Every year, from the start of the new year to the middle of February, stores are flooded with red and pink, urging consumers to buy mass-produced gifts to make their special someone feel, well, special. 

Valentine’s Day isn’t just another capitalist ploy — at least it wasn’t intended to be. The celebration of Valentine’s Day has to do with St. Valentine, a figure in the Catholic Church. 

The Catholic Church recognizes three different saints named Valentine but it’s unclear which one the holiday is for. Each figure is believed to be “sympathetic, heroic and, most importantly, romantic,” according to the History Channel.

Some historians believe Valentine’s Day is a spinoff of Lupercalia, an ancient fertility festival. Lupercalia was a sexually-charged celebration to “ward off evil spirits and infertility.”

At the end of the fifth century, Lupercalia was deemed “unchristian” and outlawed.Then the Pope declared Feb. 14 a day to celebrate St. Valentine.

However, these are the origins of ancient traditions we’re talking about. It can be hard to pinpoint how these things started. 

There are also theories that the historical background of Valentine’s Day is all hogwash and the holiday was created by Hallmark, hence “Hallmark Holiday.”

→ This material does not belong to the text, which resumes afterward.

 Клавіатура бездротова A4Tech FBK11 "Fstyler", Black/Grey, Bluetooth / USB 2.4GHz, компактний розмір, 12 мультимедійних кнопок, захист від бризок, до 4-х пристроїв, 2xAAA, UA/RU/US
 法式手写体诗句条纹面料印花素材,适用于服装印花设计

Hallmark never said it had any involvement in creating the holiday, but the company certainly benefits from it; think of all the Valentine’s Day cards people buy.

Consumers are attacked with ads directing them to stores to spend money to prove they care about their loved ones; because in capitalist America, we show affection by giving tangible gifts.

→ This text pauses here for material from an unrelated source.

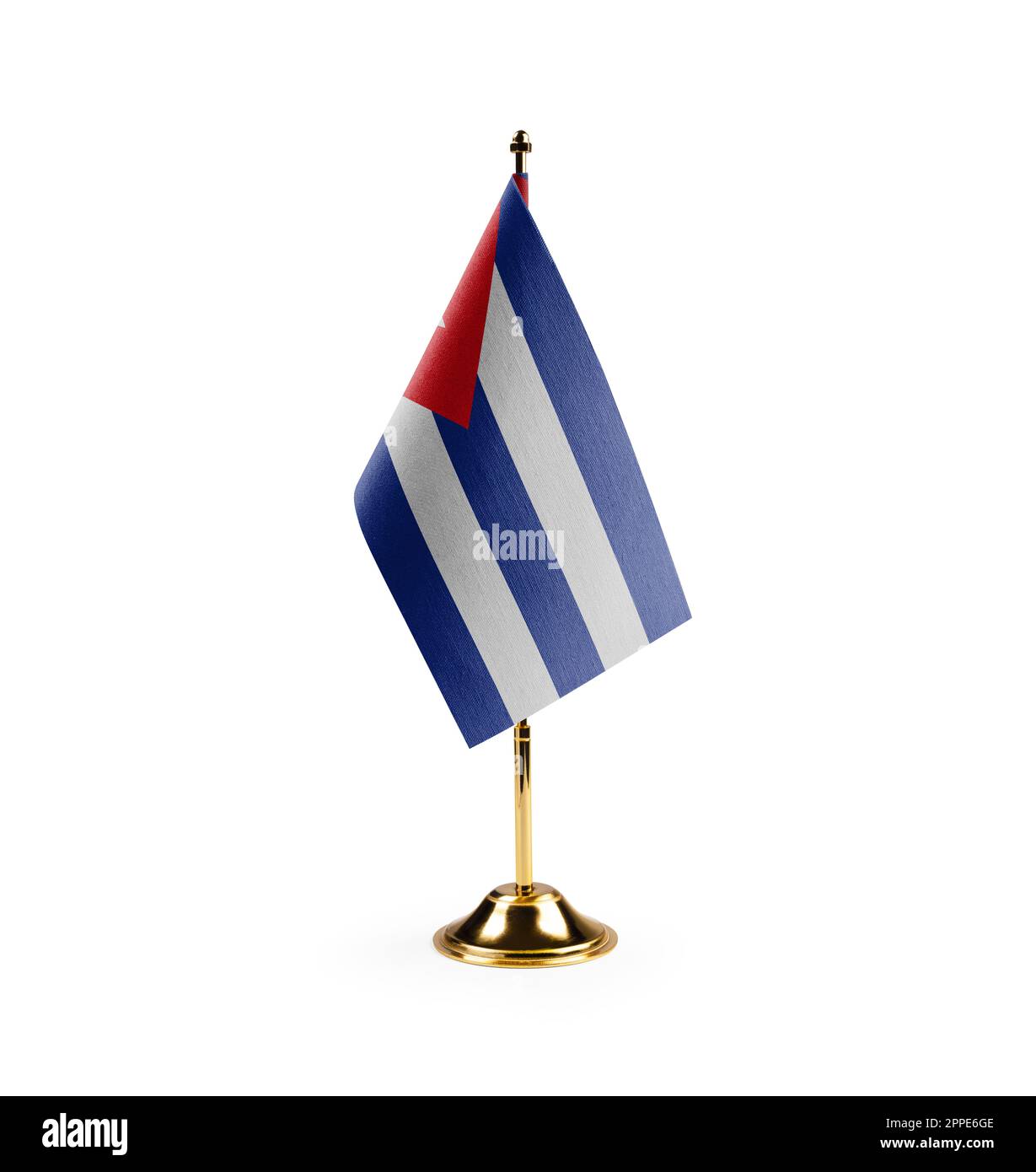 Small national flag of the Cuba on a white background. Stock Photo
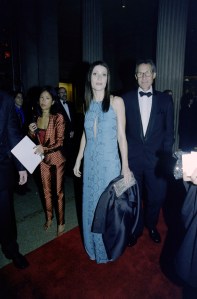 Actress Gwyneth Paltrow in Gucci and her father Bruce Paltrow atten the Metropolitan Museum Costume Institute "Rock Style" exhibition opening and gala on December 7, 1999.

The National Retail Federation anticipates consumers will spend an average $196.31 on Valentine’s Day this year, up 21 percent from last year’s $161.96. In total, spending is expected to reach $27.4 billion, up 32 percent from last year’s $20.7 billion. 

The holiday has just become a way for businesses to manipulate your emotions to stress you out over the “perfect gift.” But in reality, all that matters is that you love the person you’re trying to shop for and you show that by giving your time. 

Is Valentine’s Day a scam controlled by Hallmark and hungry companies profiting off of our illogical desire to please our loved ones with high price tags? Maybe. 

Consider how short life is for a moment. At the end of the day, will all the expensive flowers, cards and heart-shaped boxes of chocolate hold any real value? Ultimately, what people really value and look back on are the memories they make with their loved ones. 

This Valentine’s Day, I encourage you to step away from the capitalist rat race and show those close to you that you care for them through your actions, not your wallet.